The common ground for the teaching and learning in the two classes were the same mathematical themes and textbooks they had learned from since the beginning of their seventh grade, and the purposefully designed probability unit. That is, the two teachers based their lessons on the same learning materials. Yet, as was found also by others, each teacher enacted the lessons in quite different ways (e.g. Eisenmann & Even, 2011; Ozruso-Haggiag & Tabach, 2018). Based on our study of M’s class, we can say that the learning activities in her class allowed for developing accountability to mathematical reasoning. Yet, based on our study of D’s class, we can say that those same learning materials could be handled by the teacher in ways that are less in line with accountable talk. That is, if we believe that accountable talk is preferable for learning mathematics in terms of student’s learning gains, our findings suggest that designing good learning materials is just one element.

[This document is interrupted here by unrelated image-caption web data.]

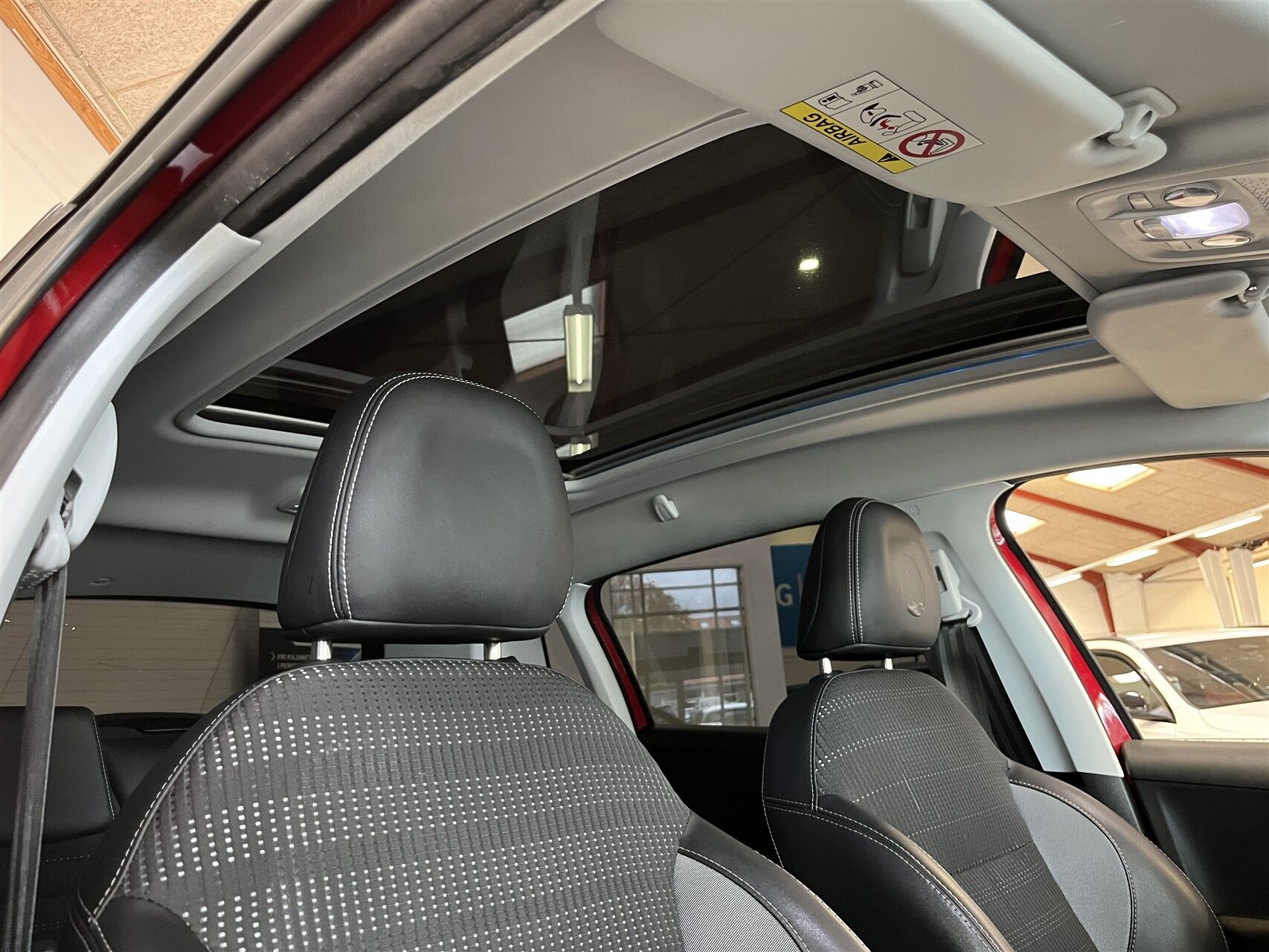 Billede af Peugeot 2008 1,5 BlueHDi Prestige 100HK 5d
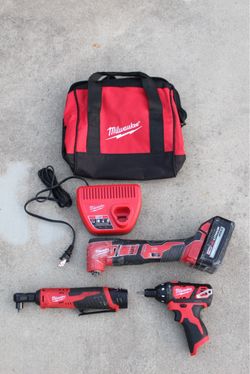 Milwaukee Tool Bundle Ratchet Screwdriver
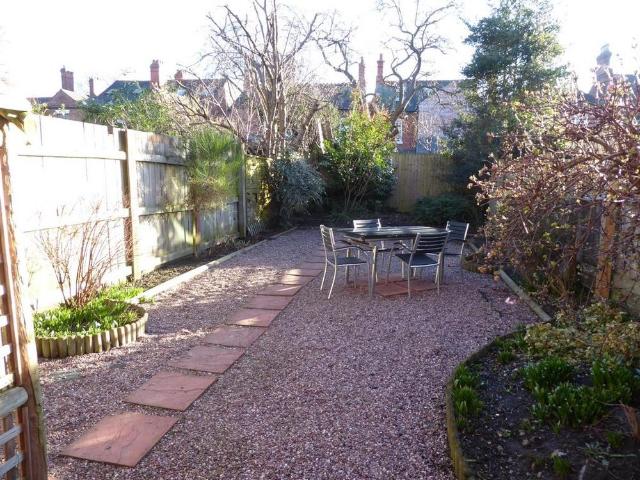 2 bedroom detached house to rent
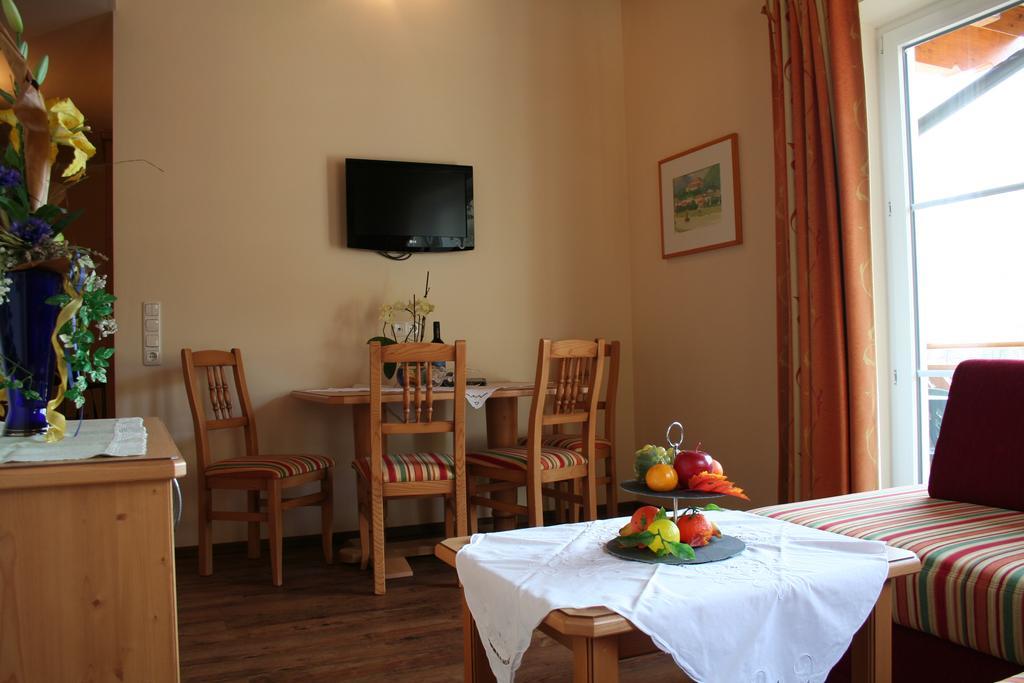 Hotel Gasthof Schweizerhaus 스투흘펠덴 외부 사진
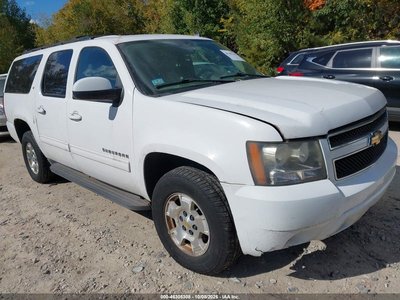 1GNUKJE35AR****** 2010 Chevrolet Suburban 1500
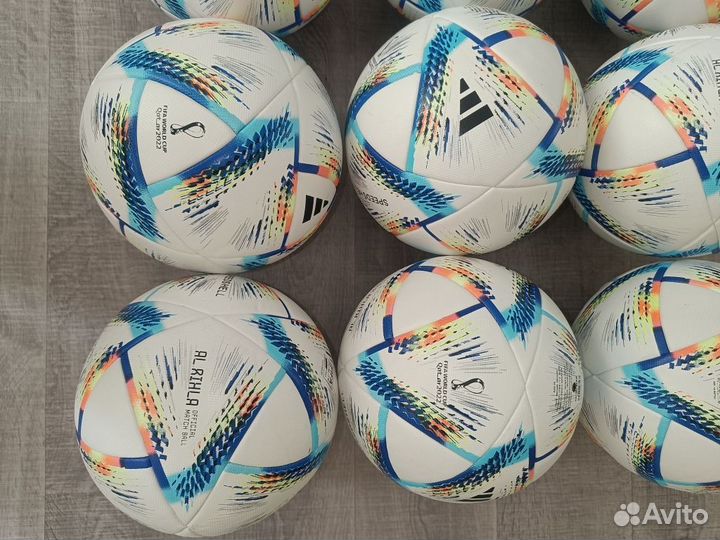 Новый футбольный мяч Adidas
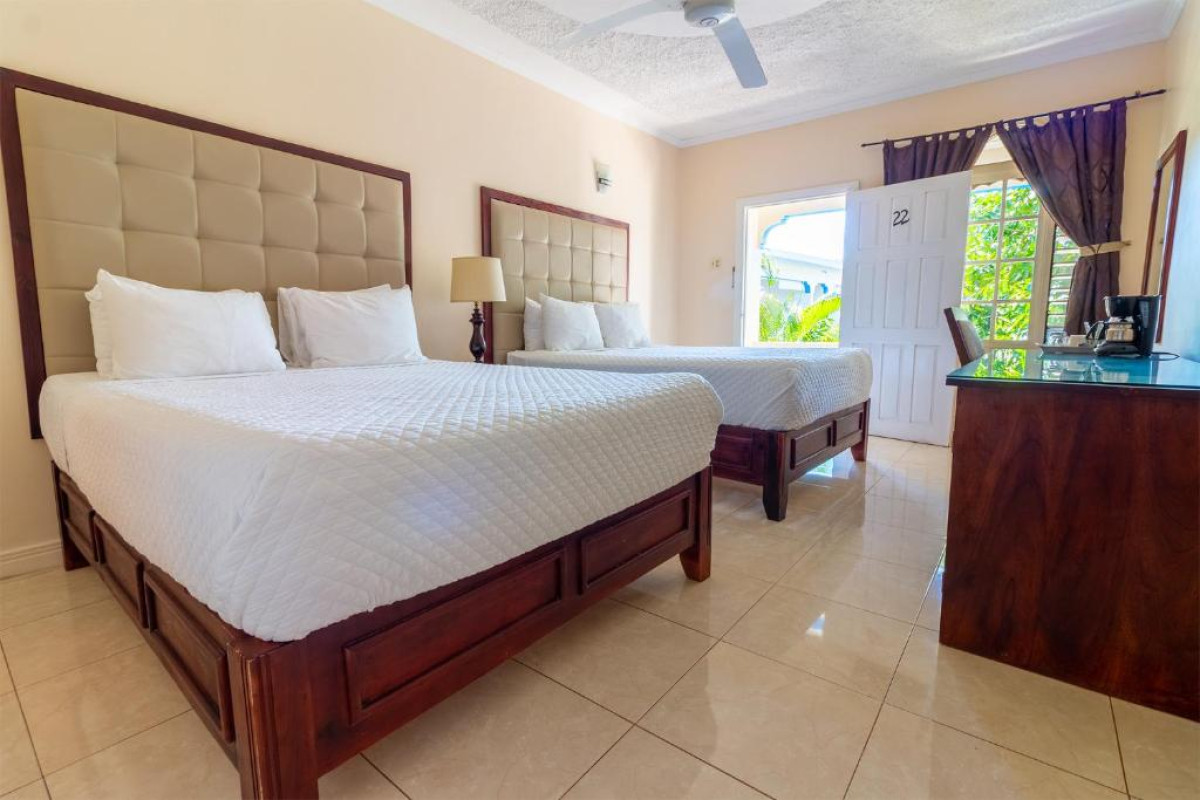 Travellers Beach Resort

Professional development for teachers seems to be needed to help teachers get closer to accountable talk norms in their awareness and practice.

The current study took us beyond the question posed by Even and Kvatinsky (2010): what mathematics do teachers address in probability lessons, as we also inquired into students’ participation and learning outcomes. The use of two data sources and multiple analyses allowed us to not only portray the differences in the talk-moves each teacher perform while leading her WCDs but also to point at the influence of these moves on students’ participation and students’ knowledge.

As was mentioned in the “Introduction” section, little strong empirical evidence for the link between high-quality classroom discourse and student learning exists (O’Connor et al., 2015). We consider the current study as a key contribution to this highly important theme. Specifically, this is a contribution for understanding the role of the teacher in the mechanisms by which knowledge spreads in the classroom.